%%

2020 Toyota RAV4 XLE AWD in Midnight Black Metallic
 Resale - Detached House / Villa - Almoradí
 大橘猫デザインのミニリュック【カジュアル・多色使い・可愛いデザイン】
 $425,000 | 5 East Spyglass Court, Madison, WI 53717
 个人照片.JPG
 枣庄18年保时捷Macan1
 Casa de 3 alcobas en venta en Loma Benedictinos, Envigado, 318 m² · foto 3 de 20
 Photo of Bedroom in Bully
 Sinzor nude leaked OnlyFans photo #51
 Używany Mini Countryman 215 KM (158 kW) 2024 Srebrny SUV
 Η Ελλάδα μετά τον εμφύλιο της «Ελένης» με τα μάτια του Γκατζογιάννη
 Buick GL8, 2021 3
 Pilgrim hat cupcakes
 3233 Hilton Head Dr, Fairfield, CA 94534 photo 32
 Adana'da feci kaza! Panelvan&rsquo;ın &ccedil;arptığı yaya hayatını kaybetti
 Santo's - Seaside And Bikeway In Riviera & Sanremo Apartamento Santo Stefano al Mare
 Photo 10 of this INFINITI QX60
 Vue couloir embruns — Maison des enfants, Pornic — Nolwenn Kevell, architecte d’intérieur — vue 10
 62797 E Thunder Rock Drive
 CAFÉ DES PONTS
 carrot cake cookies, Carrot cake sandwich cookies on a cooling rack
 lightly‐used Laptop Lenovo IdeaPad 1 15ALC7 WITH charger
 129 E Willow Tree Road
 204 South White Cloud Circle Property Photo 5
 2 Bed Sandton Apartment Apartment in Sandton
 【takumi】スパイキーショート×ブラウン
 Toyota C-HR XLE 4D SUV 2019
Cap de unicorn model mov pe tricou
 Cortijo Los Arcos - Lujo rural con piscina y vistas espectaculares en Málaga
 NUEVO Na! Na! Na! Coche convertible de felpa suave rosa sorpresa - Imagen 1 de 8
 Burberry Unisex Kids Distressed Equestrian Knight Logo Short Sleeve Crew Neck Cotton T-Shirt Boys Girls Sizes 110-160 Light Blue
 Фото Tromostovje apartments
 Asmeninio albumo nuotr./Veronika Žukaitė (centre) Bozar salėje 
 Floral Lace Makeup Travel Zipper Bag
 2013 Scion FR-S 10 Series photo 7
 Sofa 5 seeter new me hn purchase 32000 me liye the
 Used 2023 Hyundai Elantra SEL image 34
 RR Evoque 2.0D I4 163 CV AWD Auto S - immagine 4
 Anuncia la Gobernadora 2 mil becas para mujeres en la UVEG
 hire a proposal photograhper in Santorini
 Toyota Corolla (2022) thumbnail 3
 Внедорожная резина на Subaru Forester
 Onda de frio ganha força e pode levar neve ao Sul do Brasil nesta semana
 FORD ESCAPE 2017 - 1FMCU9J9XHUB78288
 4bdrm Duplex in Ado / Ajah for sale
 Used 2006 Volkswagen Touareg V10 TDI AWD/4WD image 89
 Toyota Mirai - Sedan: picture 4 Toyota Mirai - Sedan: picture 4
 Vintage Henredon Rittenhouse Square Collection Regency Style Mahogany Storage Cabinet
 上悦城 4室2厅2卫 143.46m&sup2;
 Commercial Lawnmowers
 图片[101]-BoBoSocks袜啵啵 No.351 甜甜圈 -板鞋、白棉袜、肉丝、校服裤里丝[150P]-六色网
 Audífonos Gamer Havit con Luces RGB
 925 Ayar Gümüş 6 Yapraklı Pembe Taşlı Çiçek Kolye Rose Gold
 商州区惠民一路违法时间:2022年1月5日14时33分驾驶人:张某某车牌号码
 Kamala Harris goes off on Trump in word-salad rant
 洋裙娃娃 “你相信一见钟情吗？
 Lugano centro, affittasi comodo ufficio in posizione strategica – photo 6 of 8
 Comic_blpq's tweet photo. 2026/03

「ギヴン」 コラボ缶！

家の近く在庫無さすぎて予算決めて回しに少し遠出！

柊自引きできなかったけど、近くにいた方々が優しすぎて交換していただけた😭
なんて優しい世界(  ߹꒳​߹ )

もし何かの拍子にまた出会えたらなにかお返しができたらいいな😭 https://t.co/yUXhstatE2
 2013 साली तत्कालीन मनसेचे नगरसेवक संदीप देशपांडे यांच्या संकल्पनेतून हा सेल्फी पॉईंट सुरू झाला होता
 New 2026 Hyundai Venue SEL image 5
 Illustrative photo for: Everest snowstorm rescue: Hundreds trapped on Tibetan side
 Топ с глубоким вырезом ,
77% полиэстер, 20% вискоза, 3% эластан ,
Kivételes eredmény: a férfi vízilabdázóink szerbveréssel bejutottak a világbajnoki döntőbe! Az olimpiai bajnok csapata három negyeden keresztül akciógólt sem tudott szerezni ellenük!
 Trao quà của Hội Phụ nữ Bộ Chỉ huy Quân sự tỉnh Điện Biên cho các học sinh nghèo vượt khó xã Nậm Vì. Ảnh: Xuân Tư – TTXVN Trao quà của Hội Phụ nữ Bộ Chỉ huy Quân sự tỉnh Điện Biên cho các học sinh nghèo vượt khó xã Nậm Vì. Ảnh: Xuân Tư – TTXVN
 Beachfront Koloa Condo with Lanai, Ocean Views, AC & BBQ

%%

YOUR OBJECTIVE:
The lines above from the one with "Used 2006 Volkswagen" through the one with "Comic_blpq's tweet photo. 2026/03" are to be duplicated exactly, ends included, with nothing added.

TASK RESULT:
 Used 2006 Volkswagen Touareg V10 TDI AWD/4WD image 89
 Toyota Mirai - Sedan: picture 4 Toyota Mirai - Sedan: picture 4
 Vintage Henredon Rittenhouse Square Collection Regency Style Mahogany Storage Cabinet
 上悦城 4室2厅2卫 143.46m&sup2;
 Commercial Lawnmowers
 图片[101]-BoBoSocks袜啵啵 No.351 甜甜圈 -板鞋、白棉袜、肉丝、校服裤里丝[150P]-六色网
 Audífonos Gamer Havit con Luces RGB
 925 Ayar Gümüş 6 Yapraklı Pembe Taşlı Çiçek Kolye Rose Gold
 商州区惠民一路违法时间:2022年1月5日14时33分驾驶人:张某某车牌号码
 Kamala Harris goes off on Trump in word-salad rant
 洋裙娃娃 “你相信一见钟情吗？
 Lugano centro, affittasi comodo ufficio in posizione strategica – photo 6 of 8
 Comic_blpq's tweet photo. 2026/03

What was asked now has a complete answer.